Meesaya Murukku is a 2017 Indian Tamil-language coming-of-age musical comedy drama film written and directed by Adhi of Hiphop Tamizha in his directorial debut. He stars as the lead along with newcomer Aathmika as the female lead, while Vivek, RJ Vigneshkanth and Vijayalakshmi play supporting roles. The film, a partly fictionalised biopic of Adhi's early life, was released on 21 July 2017 to mostly positive reviews and was a box-office hit. It was later remade in Kannada in 2019 as Padde Huli.

== Plot ==
Coimbatore-based Adhi and Jeeva have been close friends since childhood. Adhi's father, Professor Ramachandran is very supportive of his interest in music and extra-curriculars. Adhi joins electrical engineering after school and falls in love with his college mate, Nila who was his childhood friend. Nila is from an affluent family, and her parents are against love. Despite Nila's reservations, she too falls in love with Adhi.

Adhi is well known in college for his Tamil raps, and owns a YouTube page "Hiphop Tamizha". Weeks before their final exams, Nila's family discover her relationship with Adhi. Nila's father and uncle threaten Adhi's family to break off the relationship. After graduating, Adhi tells his father of his interest to move to Chennai and become an independent musician. Adhi promises his father that he will return within a year if he cannot succeed. Adhi also promises Nila's father that he will seek a job within one year and marry her. Both Nila's and Adhi's fathers accept his promises half-heartedly, and Adhi's father does not provide financial support to him.

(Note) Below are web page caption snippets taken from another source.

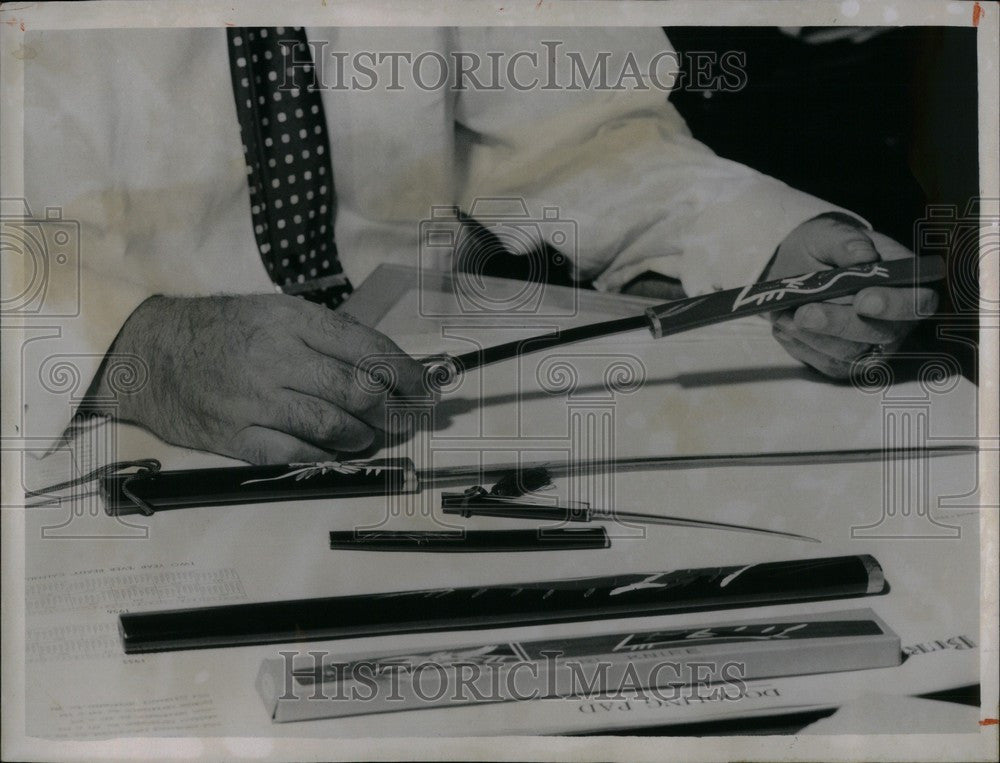 1957 Press Photo Knife cutting edge blade - Historic Images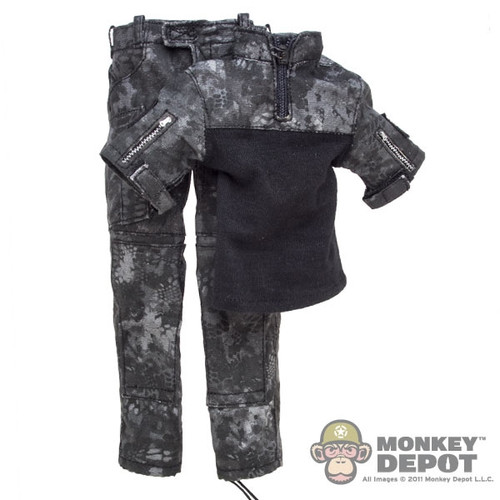 Uniform: DamToys Camo Combat Uniform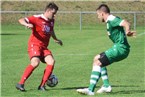 Aubstadts Daniel Leicht versucht Großbardorfs Manuel Orf auszutanzen.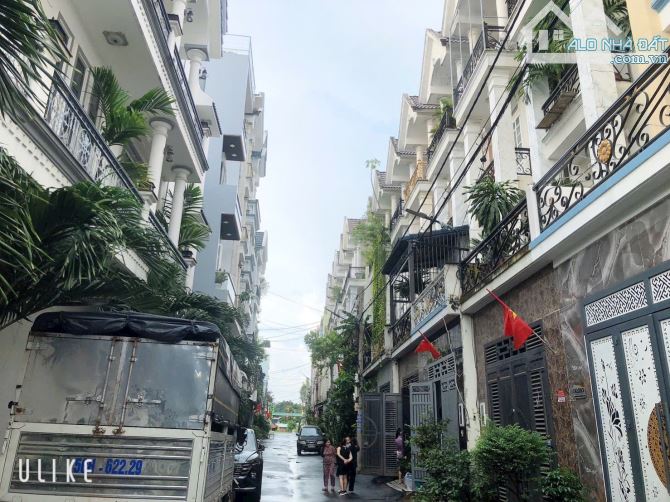 Nhà 4 tầng Full nội thất , gần chợ Gà, gần ngã ba đông quang, đường xe hơi 8m thông - 9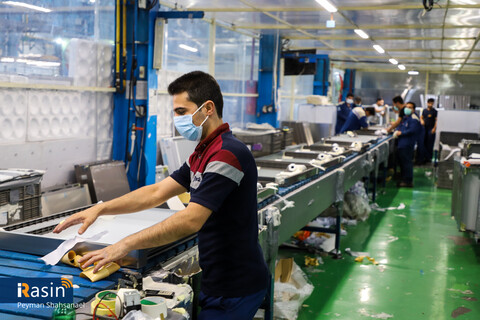 گروه صنعتی انتخاب الکترونیک- اسنوا-لوزام خانگی- کارگر-کارخانه-کارگر کارخانه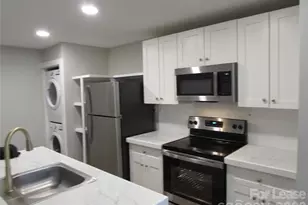 534 N Church St, Mooresville, NC 28115 - Photo 8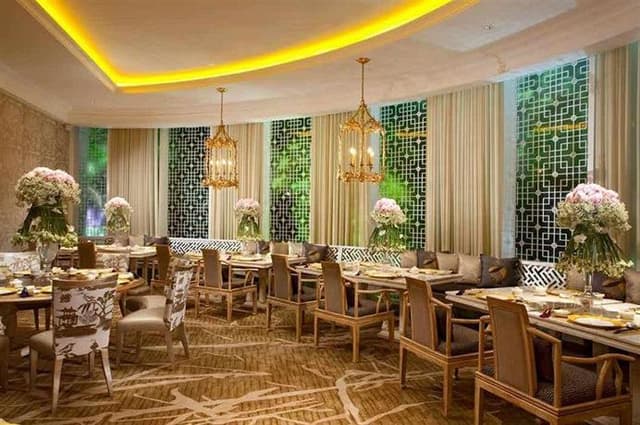 Cascade Lounge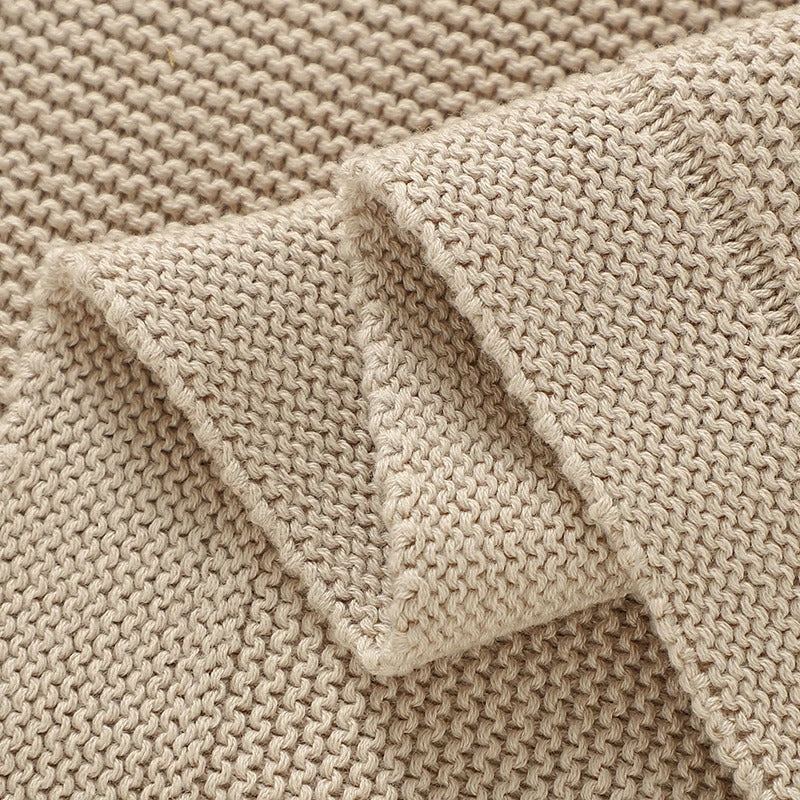 Tissu en tricot d'une couverture bébé vu de prêt.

Adhi and Jeeva reach Chennai with instruments. They stay with their college seniors and try hard for opportunities, but all efforts fail. A year passes by, and the duo decide to return to Coimbatore. Before departure, they meet Ma Ka Pa Anand of Radio Mirchi, who allows them to sing "Club Le Mabbu Le" in his show, following which they come to Coimbatore.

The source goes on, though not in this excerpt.